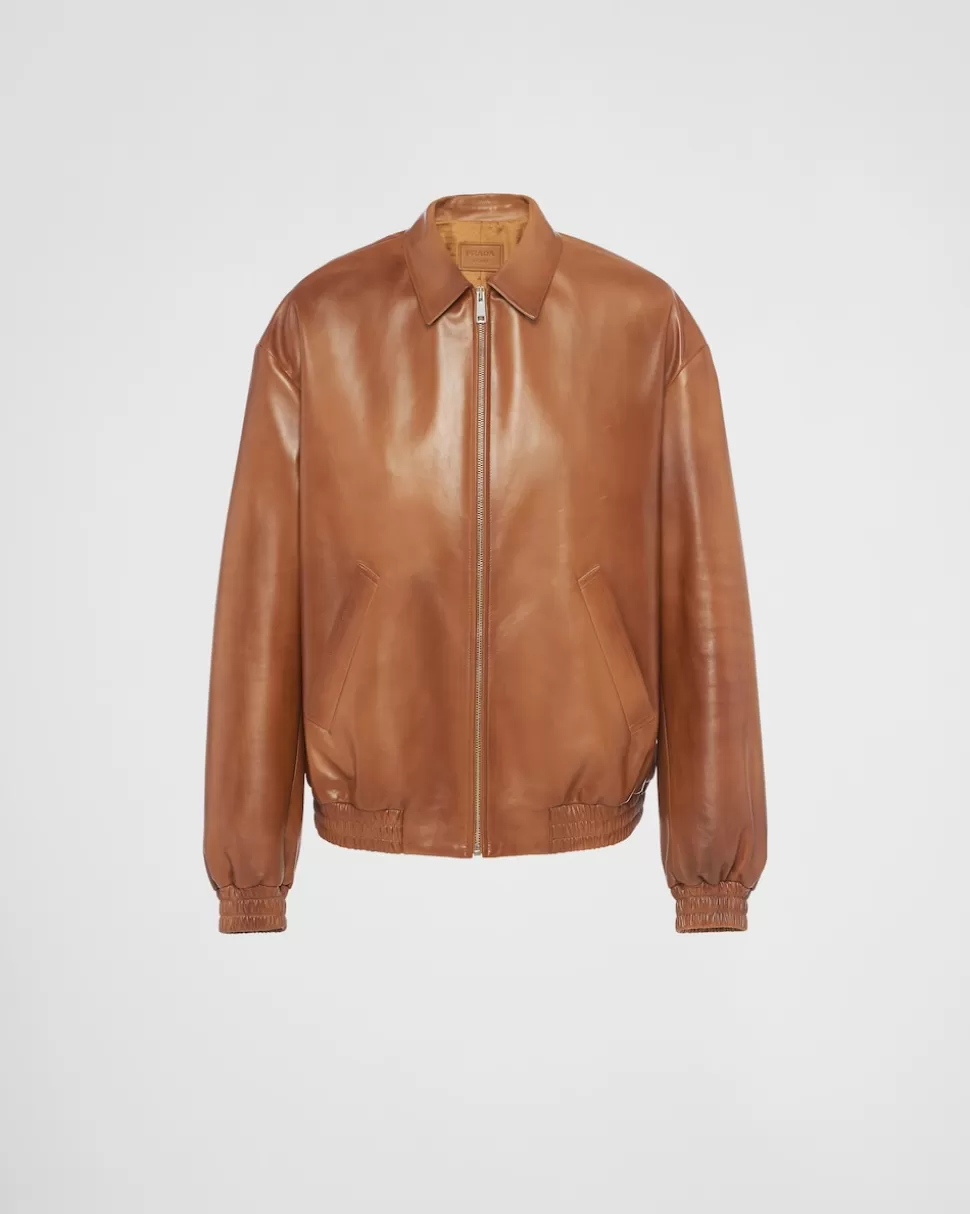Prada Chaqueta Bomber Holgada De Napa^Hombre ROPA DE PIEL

● ● ● ● ● ● ●

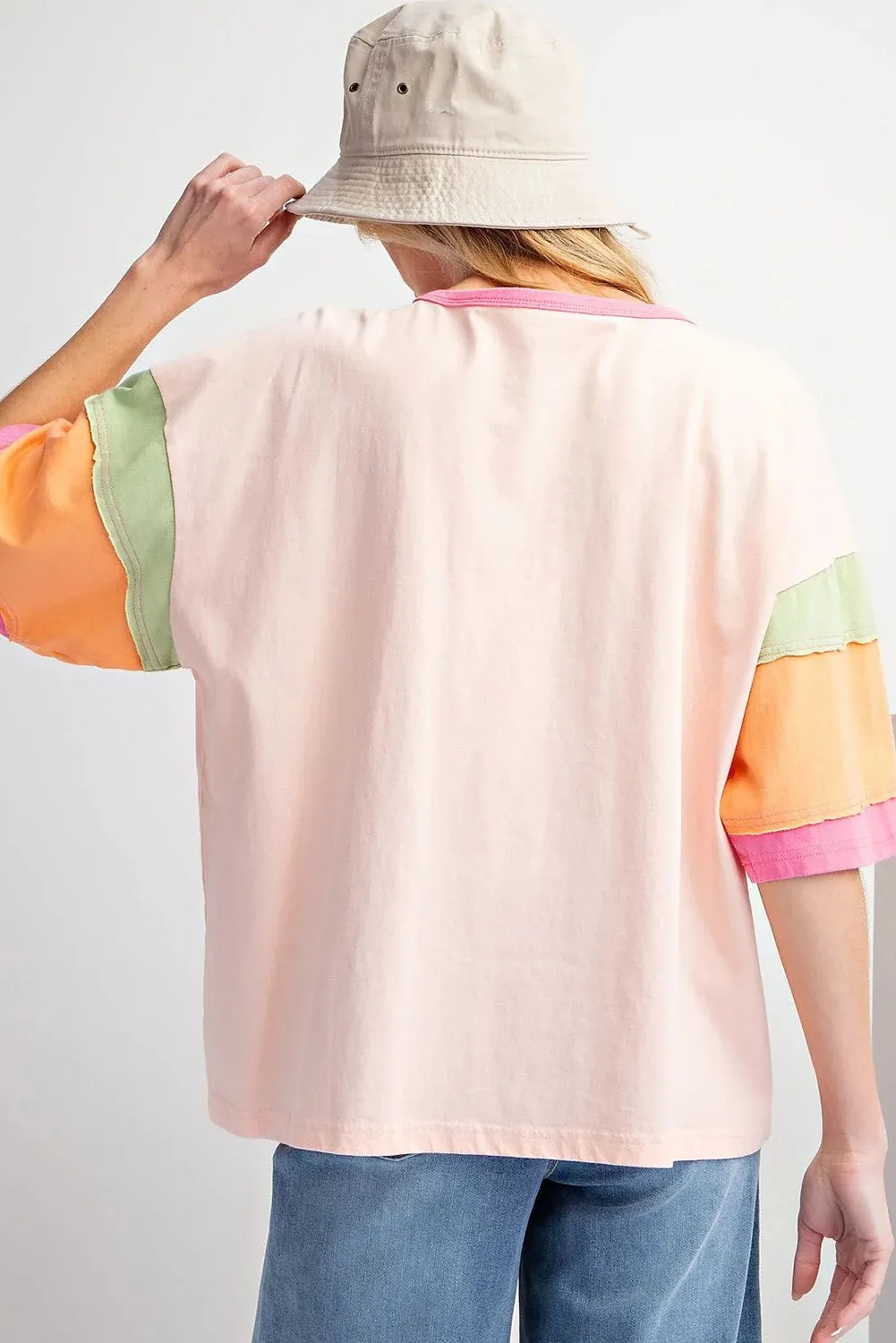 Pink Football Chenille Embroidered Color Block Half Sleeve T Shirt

● ● ● ● ● ● ●

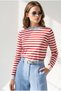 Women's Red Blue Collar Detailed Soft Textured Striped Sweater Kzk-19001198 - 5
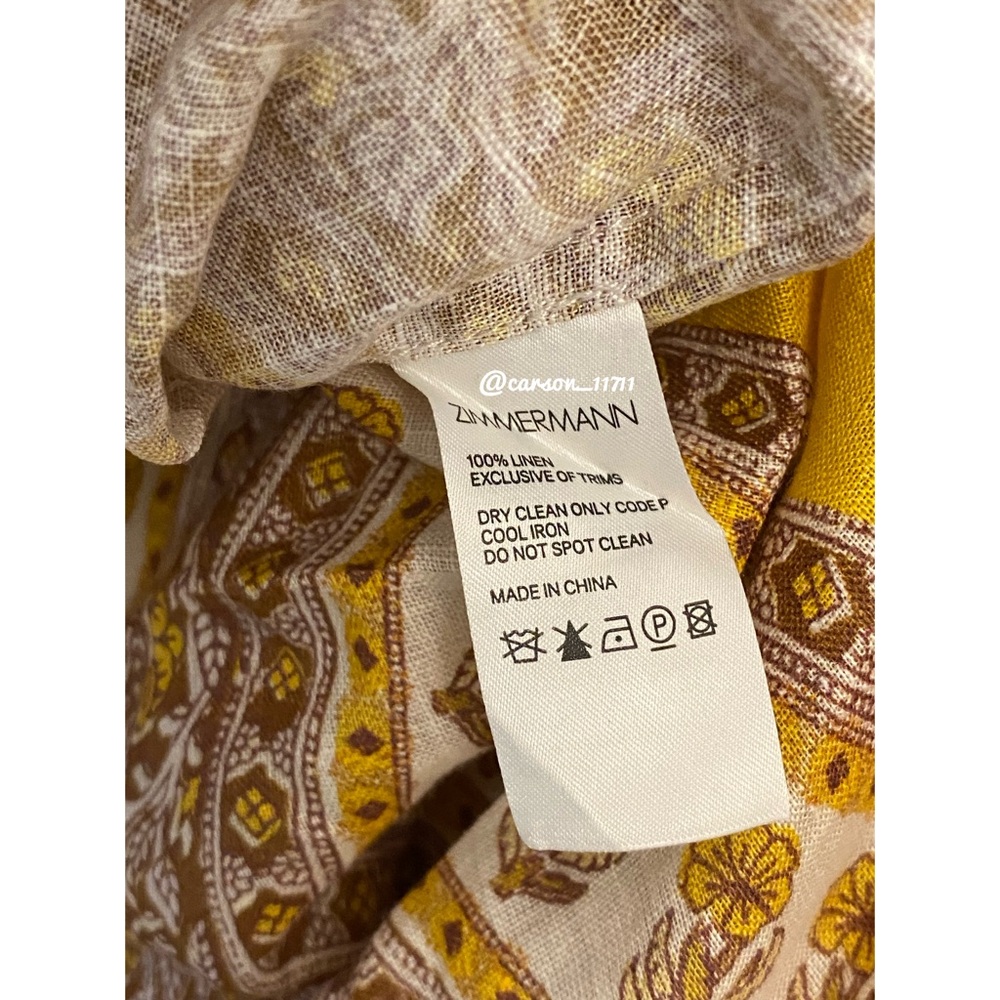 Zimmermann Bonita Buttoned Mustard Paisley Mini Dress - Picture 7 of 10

● ● ● ● ● ● ●

● **Problem requirements**: Transcribe the lines above exactly, beginning at the one with "Women's Red Blue" and ending at the one with "Zimmermann Bonita Buttoned". Include both; exclude the pictures.

● **Written solution**:
 Women's Red Blue Collar Detailed Soft Textured Striped Sweater Kzk-19001198 - 5
 Zimmermann Bonita Buttoned Mustard Paisley Mini Dress - Picture 7 of 10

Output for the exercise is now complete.